Let us load the package and create a synthetic sparse matrix.
library(sparseMatrixStats)
#> Loading required package: MatrixGenerics
#> Loading required package: matrixStats
#>
#> Attaching package: 'MatrixGenerics'
#> The following objects are masked from 'package:matrixStats':
#>
#> colAlls, colAnyNAs, colAnys, colAvgsPerRowSet, colCollapse,
#> colCounts, colCummaxs, colCummins, colCumprods, colCumsums,
#> colDiffs, colIQRDiffs, colIQRs, colLogSumExps, colMadDiffs,
#> colMads, colMaxs, colMeans2, colMedians, colMins, colOrderStats,
#> colProds, colQuantiles, colRanges, colRanks, colSdDiffs, colSds,
#> colSums2, colTabulates, colVarDiffs, colVars, colWeightedMads,
#> colWeightedMeans, colWeightedMedians, colWeightedSds,
#> colWeightedVars, rowAlls, rowAnyNAs, rowAnys, rowAvgsPerColSet,
#> rowCollapse, rowCounts, rowCummaxs, rowCummins, rowCumprods,
#> rowCumsums, rowDiffs, rowIQRDiffs, rowIQRs, rowLogSumExps,
#> rowMadDiffs, rowMads, rowMaxs, rowMeans2, rowMedians, rowMins,
#> rowOrderStats, rowProds, rowQuantiles, rowRanges, rowRanks,
#> rowSdDiffs, rowSds, rowSums2, rowTabulates, rowVarDiffs, rowVars,
#> rowWeightedMads, rowWeightedMeans, rowWeightedMedians,
#> rowWeightedSds, rowWeightedVars
# Matrix defines the sparse Matrix class
# dgCMatrix that we will use
library(Matrix)
# For reproducibility
set.seed(1)
Create a synthetic table with customers, items, and how often they bought that item.

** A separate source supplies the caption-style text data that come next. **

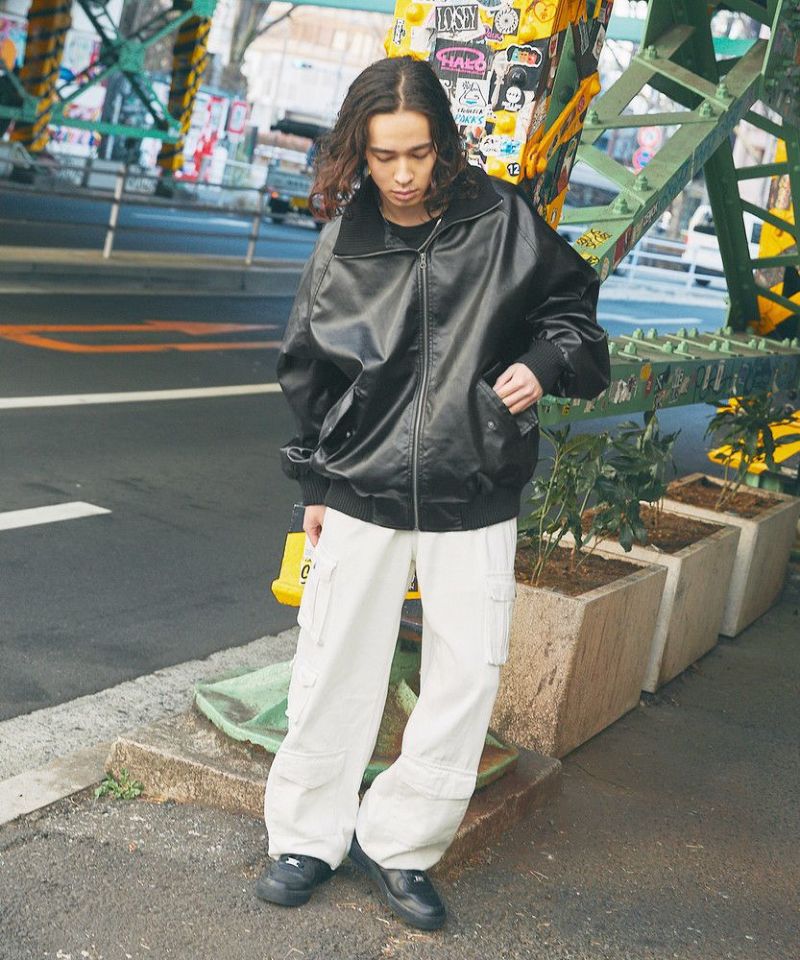 【USA製】ダックブルゾンジャケット 肉厚 XL相当 リメイク品 アタックベース 作業服 作業着 The tough 0734 ジャケット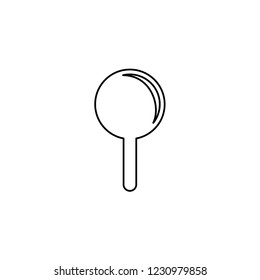An Illustrated Icon Isolated on a Background - Lollipop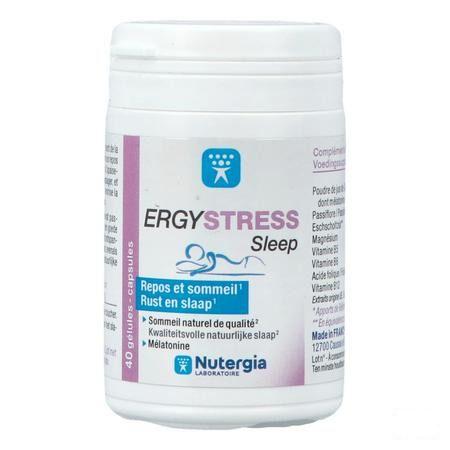 Ergystress Sleep Caps 40  -  Laboratoire Nutergia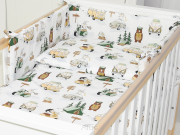 ARUŚ 3 el. pościel do łóżeczka 120*90 (183-kemping beżowy)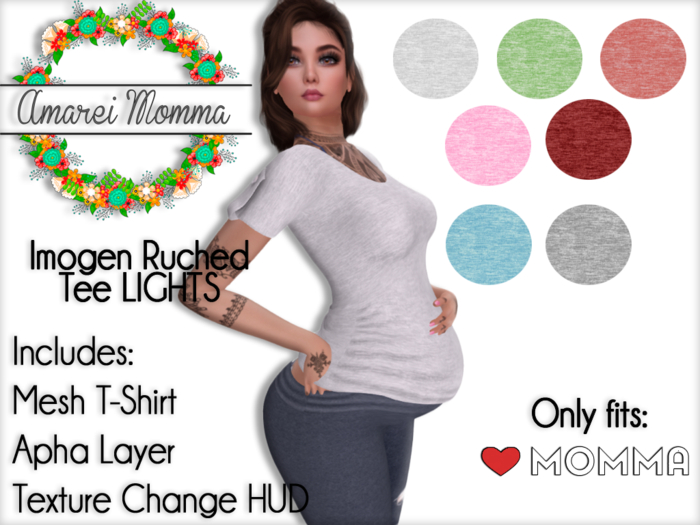 Amarei Momma [Imogen Ruched Tee LIGHT]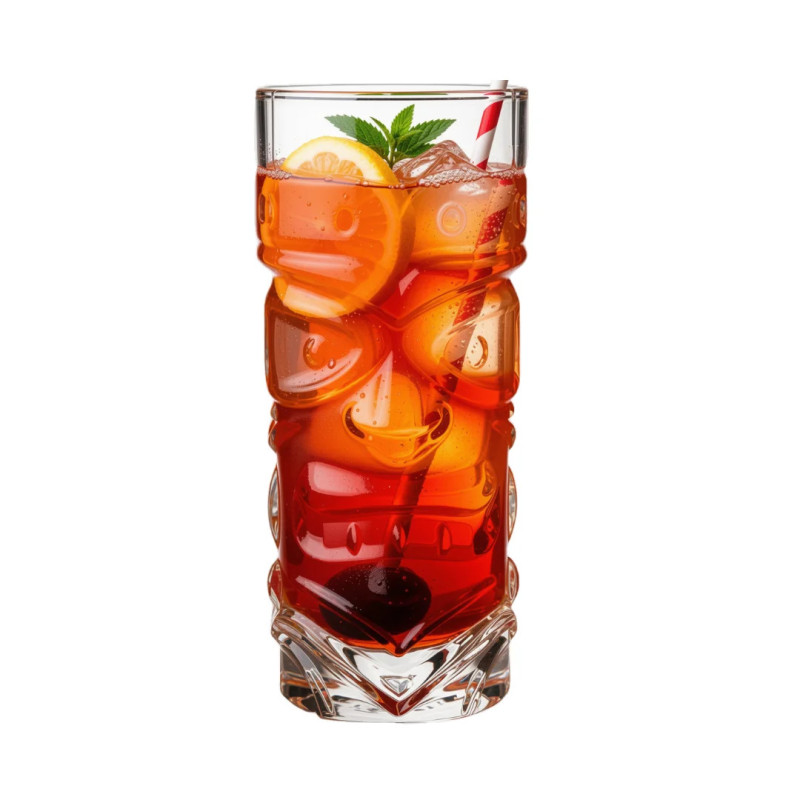 Vaso Tiki Kaupe transparente 44 cl | Cócteles tropicales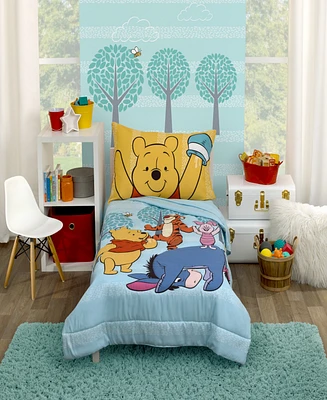 Disney Winnie the Pooh Funny Friends 4-Pc. Bedding Set, Toddler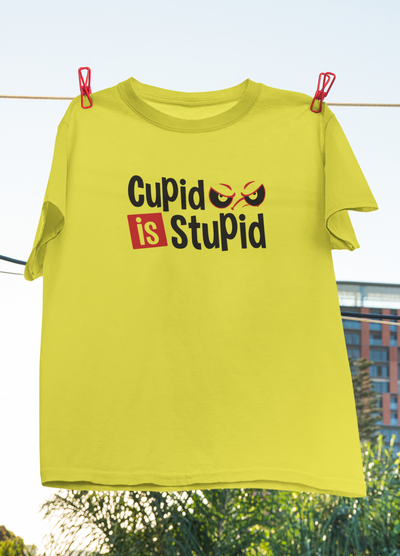 Cupid Stupid Desi Mens Half Sleeves T-shirt- FunkyTeesClub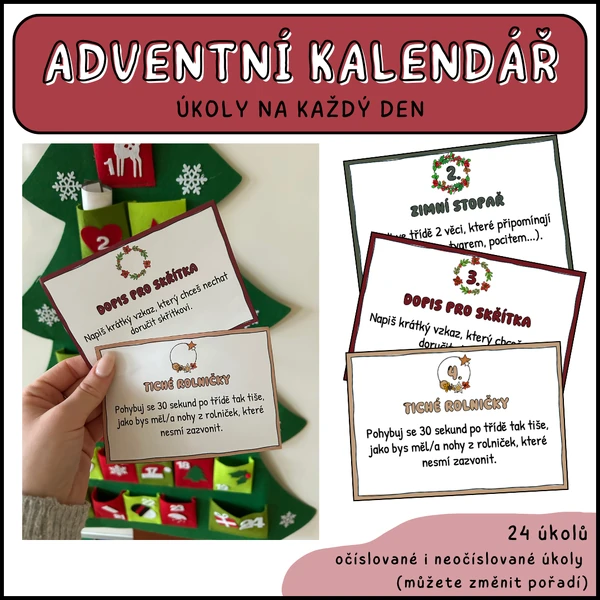 Adventní kalendář úkolů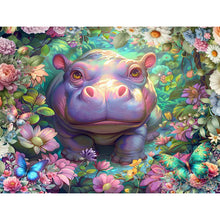 Load image into Gallery viewer, Diamond Painting - Full Square - Hippopotamus (40*30CM)
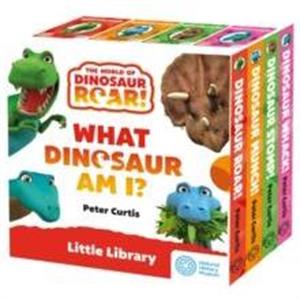 Little Library The World of Dinosaur Roar What Dinosaur Am I Slipcase by Peter Curtis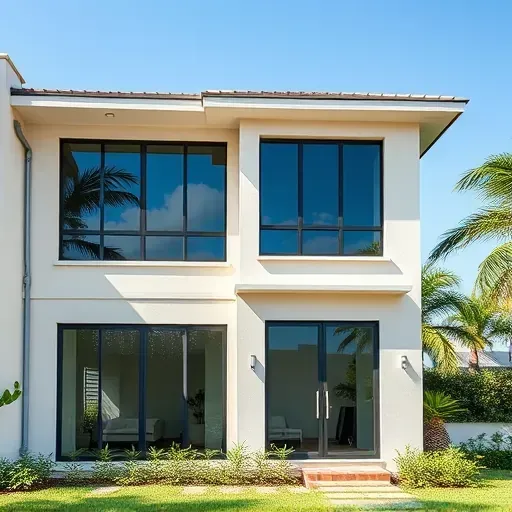 Impact Windows and Doors installation in Kendall FL showcasing modern design and sturdy construction features.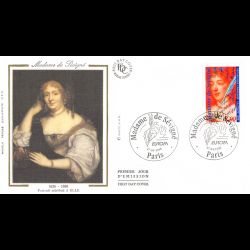 FDC soie - EUROPA - Mme de...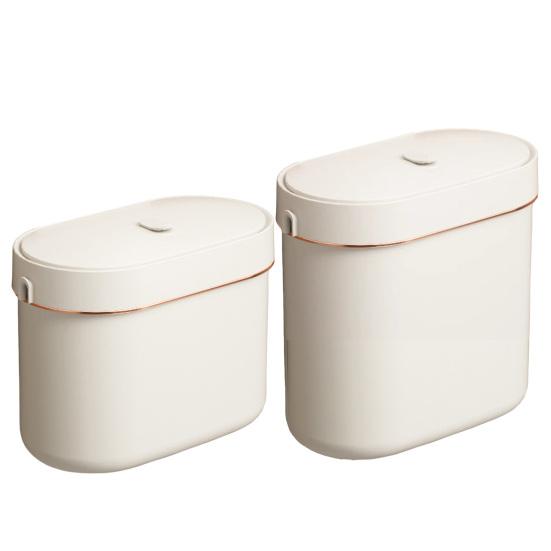 Wall-Mounted Trash Can with Lid Anti-Odor Insect-Proof Sealed Design No Drilling Large Opening Kitchen Garbage Bin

customer_ids <- seq_len(100)
item_ids <- seq_len(30)
n_transactions <- 1000
customer <- sample(customer_ids, size = n_transactions, replace = TRUE,
prob = runif(100))
item <- sample(item_ids, size = n_transactions, replace = TRUE,
prob = runif(30))
tmp <- table(paste0(customer, "-", item))
tmp2 <- strsplit(names(tmp), "-")
purchase_table <- data.frame(
customer = as.numeric(sapply(tmp2, function(x) x[1])),
item = as.numeric(sapply(tmp2, function(x) x[2])),
n = as.numeric(tmp)
)
head(purchase_table, n = 10)
#> customer item n
#> 1 1 15 2
#> 2 1 20 1
#> 3 1 22 1
#> 4 1 23 1
#> 5 1 30 1
#> 6 100 11 1
#> 7 100 15 3
#> 8 100 17 1
#> 9 100 19 1
#> 10 100 20 2
Let us turn the table into a matrix to simplify the analysis:
purchase_matrix <- sparseMatrix(purchase_table$customer, purchase_table$item,
x = purchase_table$n,
dims = c(100, 30),
dimnames = list(customer = paste0("Customer_", customer_ids),
item = paste0("Item_", item_ids)))
purchase_matrix[1:10, 1:15]
#> 10 x 15 sparse Matrix of class "dgCMatrix"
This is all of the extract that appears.